▶ Your assignment
Would you restate each entry word for word, omitting the pictures?

Brief descriptive captions:
BEGIN

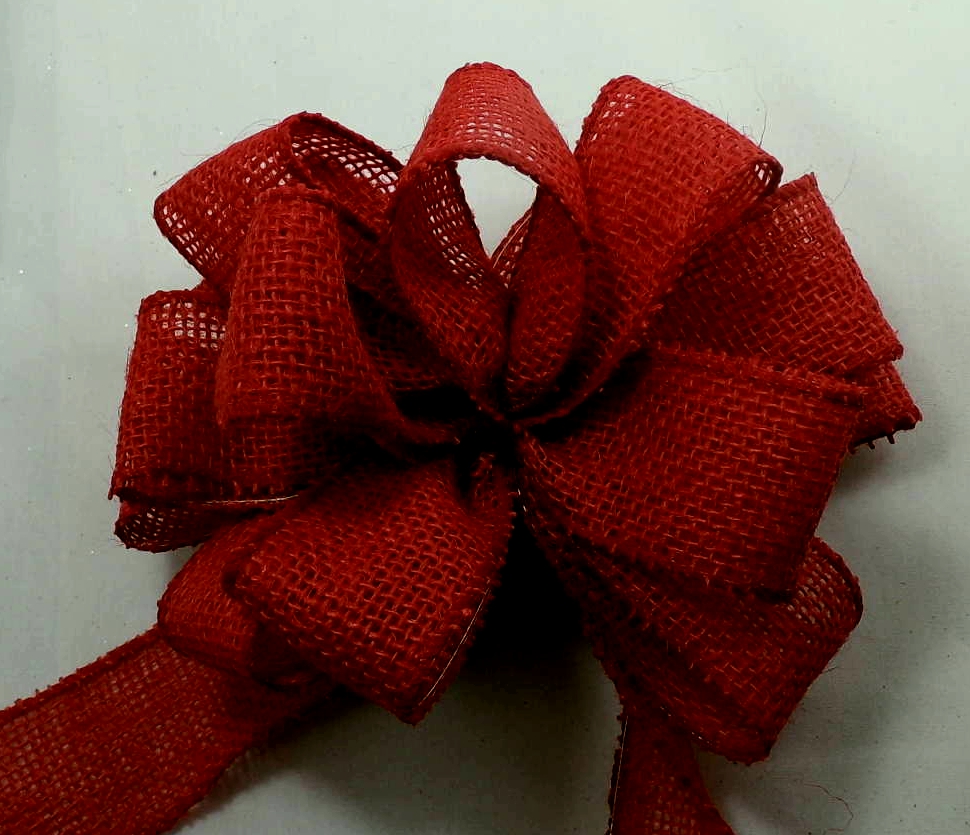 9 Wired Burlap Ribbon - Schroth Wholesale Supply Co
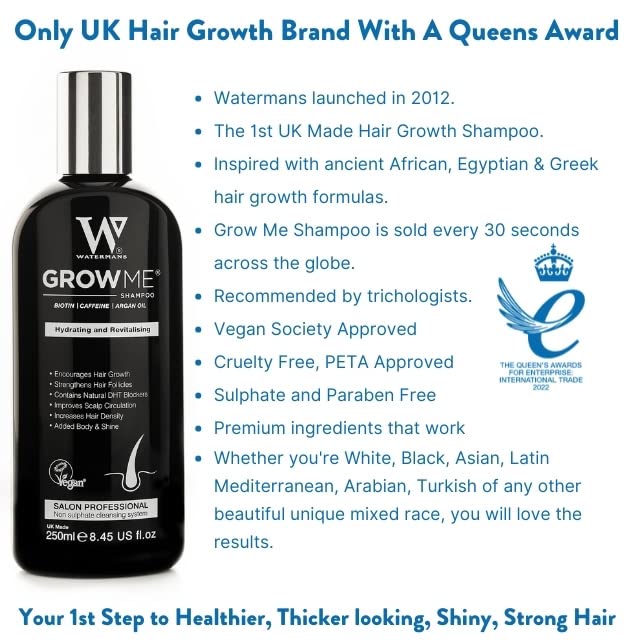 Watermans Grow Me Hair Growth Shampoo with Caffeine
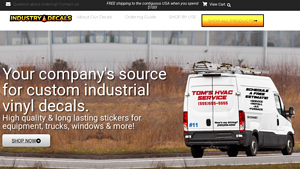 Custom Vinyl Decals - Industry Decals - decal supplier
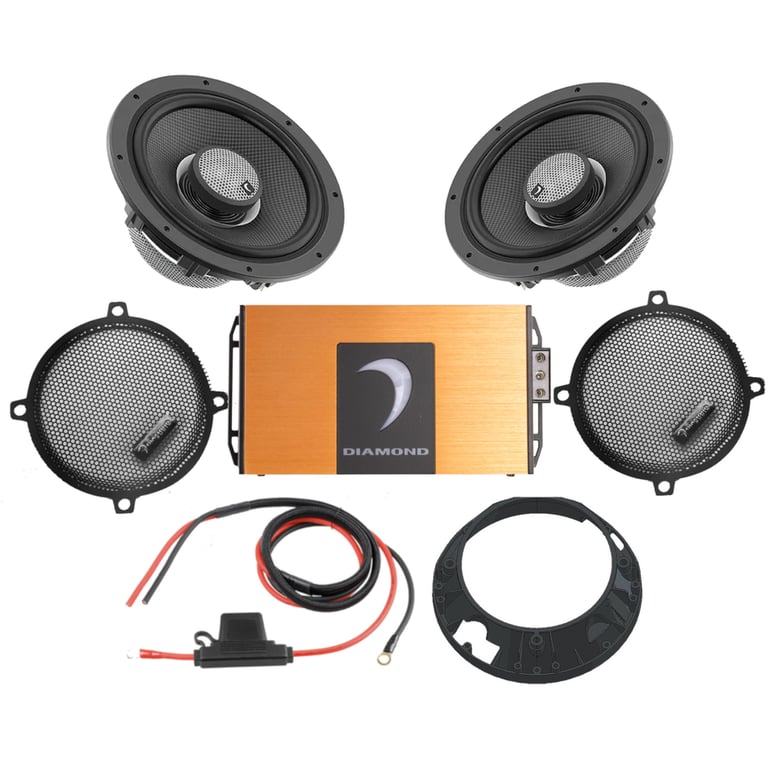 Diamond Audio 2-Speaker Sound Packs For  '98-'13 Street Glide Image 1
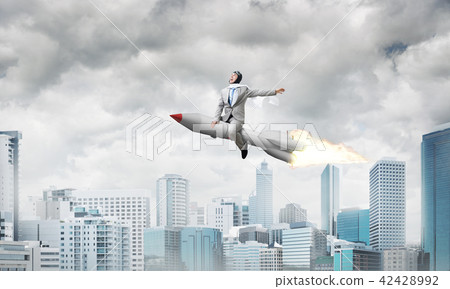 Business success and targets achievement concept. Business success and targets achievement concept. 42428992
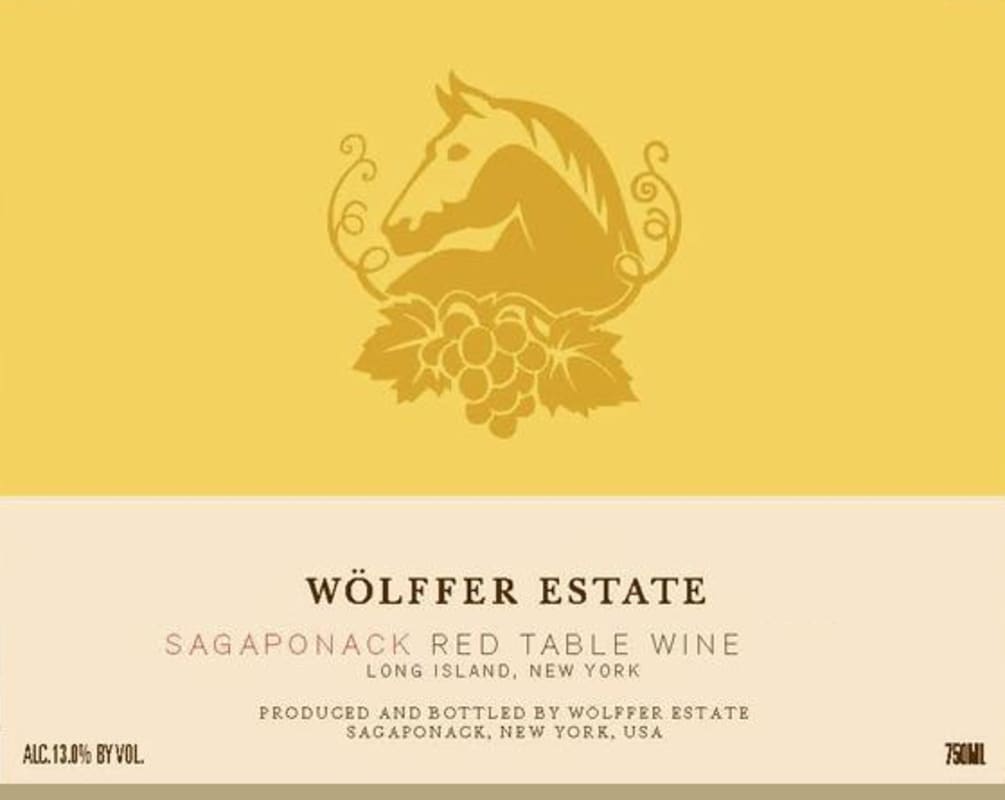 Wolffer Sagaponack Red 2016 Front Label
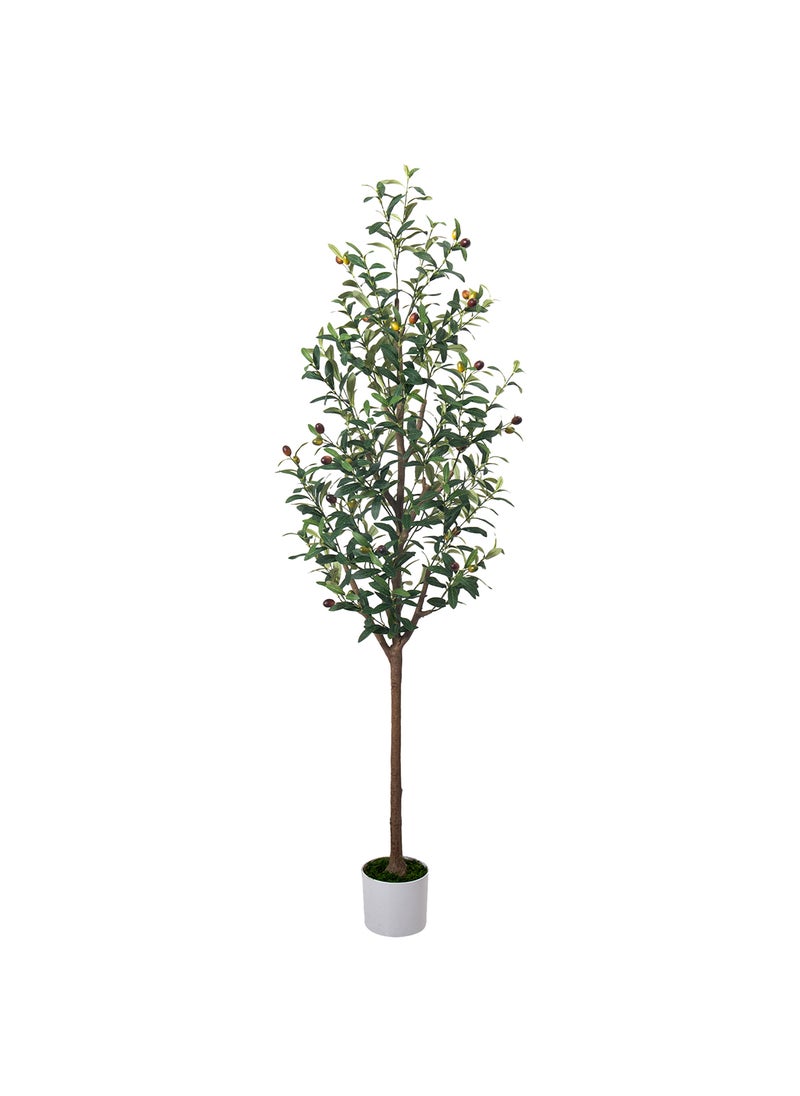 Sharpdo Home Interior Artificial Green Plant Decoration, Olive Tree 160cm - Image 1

END

▶ Written response
 9 Wired Burlap Ribbon - Schroth Wholesale Supply Co
 Watermans Grow Me Hair Growth Shampoo with Caffeine
 Custom Vinyl Decals - Industry Decals - decal supplier
 Diamond Audio 2-Speaker Sound Packs For  '98-'13 Street Glide Image 1
 Business success and targets achievement concept. Business success and targets achievement concept. 42428992
 Wolffer Sagaponack Red 2016 Front Label
 Sharpdo Home Interior Artificial Green Plant Decoration, Olive Tree 160cm - Image 1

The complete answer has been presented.